Key words: applied anthropology, indigenous knowledge, knowledge systems, indigenous autonomy, development

Since the 1980s the term indigenous has evolved beyond its specific empirical reference to a group of people defined by ancestral territory and common cultures. Combined with the term knowledge it has come to signify a methodology, a social science perspective, and even philosophical and ideological positions, all of which rest on the recognition of the asymmetrical place of knowledge in the power relations historically constituted by the expansion of Europe. This article briefly traces the development of this perspective as it relates to applied anthropology. I argue that the growing emphasis on the use of the knowledge systems of the people among whom applied anthropologists work arises from recognition of the need to balance some inadequacies of Western knowledge in development contexts with local knowledge that is more appropriate to the occasion.

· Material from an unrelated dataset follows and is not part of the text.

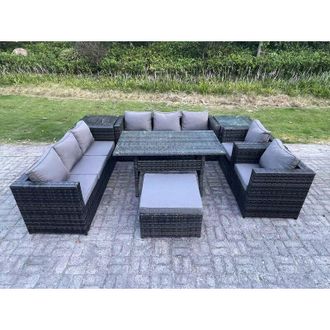 Fimous Fimous 9 Seater Outdoor Wicker Garden Furniture Rattan Lounge Sofa Set Patio Rectangular Dining Table with 2 Armchair 2 Side Table Stool Dark Grey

I further argue that this recognition has deep roots in a more general dissatisfaction with the process of Westernization, a dissatisfaction linked to a humanist tradition associated with the study and understanding of non-Western peoples. I attempt to demonstrate -- admittedly all too briefly - that this thinking has firm roots in applied anthropology, and that, with ample help from indigenous resistance outside of the academy, one effect has been to promote greater autonomy for those adversely transformed in the process of westernization.1 This process forms the empirical foundation for discourse that confronts the question of what is considered relevant knowledge for longterm survival in the face of entrenched hegemonic relations and global ecological threat. Social scientists have a moral responsibility to engage the question of what is efficacious knowledge given the needs of a particular historical moment. By conceptually separating knowledge from culture and problematizing knowledge and its application, scholars are inserting culture/knowledge into the contemporary discourse as a component of power relations, beyond the notion of cultural division of labor, beyond race, and beyond ethnicity. At a more abstract level, another effect has been an implicit critique of the role of Western knowledge in global development. To establish a modicum of clarity, I attempt to give a working definition of indigenous knowledge, as a perspective.

Indigenous People, Indigenous Knowledge: Working Definitions

Since the epistemological revolution of the 17th century, legitimate knowledge in the Western world has been associated with the process of passing scientific muster. That is, knowledge is understood as that which carries the attributes of incontrovertibility (although at times probabilistic rather than absolute), objectivity, rationality, testability, and finally, the bedrock of positivist legitimacy, replicability or verifiability. Verifiability and replicability imply that not only may something be known, but that the method(s) of discovery must also be known, and further, that the "knowledge" must contain the element of explanation. We should know the causal - or at least the correlational-relations associated with that which is "known."

Minimally, any proposed link between phenomena and knowledge should rest on a testable hypothesis, and the requirement for testable hypothesis partly defines the quality or type of explanation that is acceptable. A "spiritual" healer may explain a persistent headache not as resulting from physiological phenomena but from neglect of an ancestor. The plausibility of this explanation rests on intuitive understanding within the symbolic structure of the healer's culture. A scientific explanation, however, must be demonstrable outside of any unique symbolic structure; it must have universality under specified empirical methodological conditions independent of the practitioner's belief.